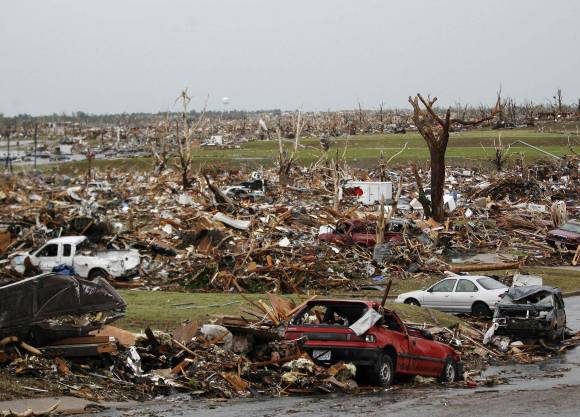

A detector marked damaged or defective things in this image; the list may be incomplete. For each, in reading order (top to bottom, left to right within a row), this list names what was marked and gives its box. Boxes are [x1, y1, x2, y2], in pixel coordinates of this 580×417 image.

crushed car [9, 234, 141, 280]
crushed car [320, 218, 420, 247]
crushed car [0, 272, 126, 342]
overturned car [0, 272, 126, 342]
crushed car [284, 300, 462, 384]
overturned car [492, 286, 564, 342]
crushed car [490, 286, 568, 342]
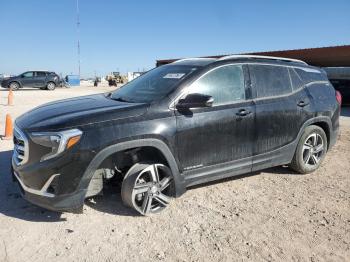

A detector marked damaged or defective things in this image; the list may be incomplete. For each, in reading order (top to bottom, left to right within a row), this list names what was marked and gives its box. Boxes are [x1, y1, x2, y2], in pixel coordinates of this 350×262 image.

damaged tire [290, 125, 328, 174]
damaged tire [121, 163, 174, 216]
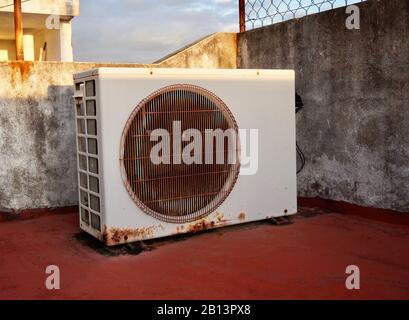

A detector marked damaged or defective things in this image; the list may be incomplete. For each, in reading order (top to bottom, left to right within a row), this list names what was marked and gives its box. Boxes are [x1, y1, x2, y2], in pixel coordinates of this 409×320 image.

rusty fan grille [118, 84, 239, 222]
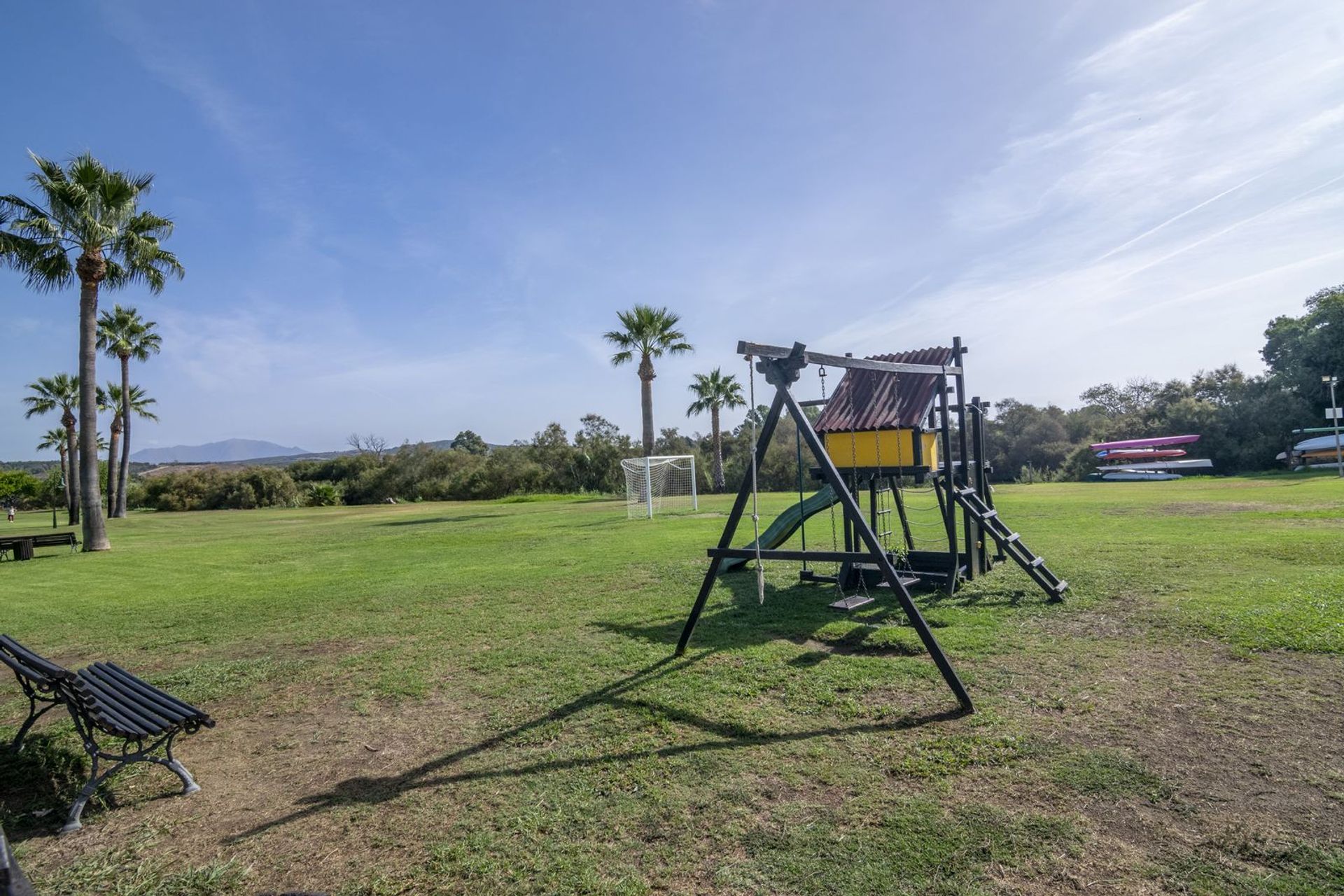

■ ■ ■ ■

## Description of the task
Write out verbatim the lines from the one containing "this 409×320 image." through the last line of the listing above, and no other lines; omit pictures.

## Response below
A detector marked damaged or defective things in this image; the list may be incomplete. For each, in reading order (top to bottom, left to right within a row), this list names what was marked and gives its box. Boxes are [x1, y1, x2, y2], in pixel coordinates of this 409×320 image.

rusty fan grille [118, 84, 239, 222]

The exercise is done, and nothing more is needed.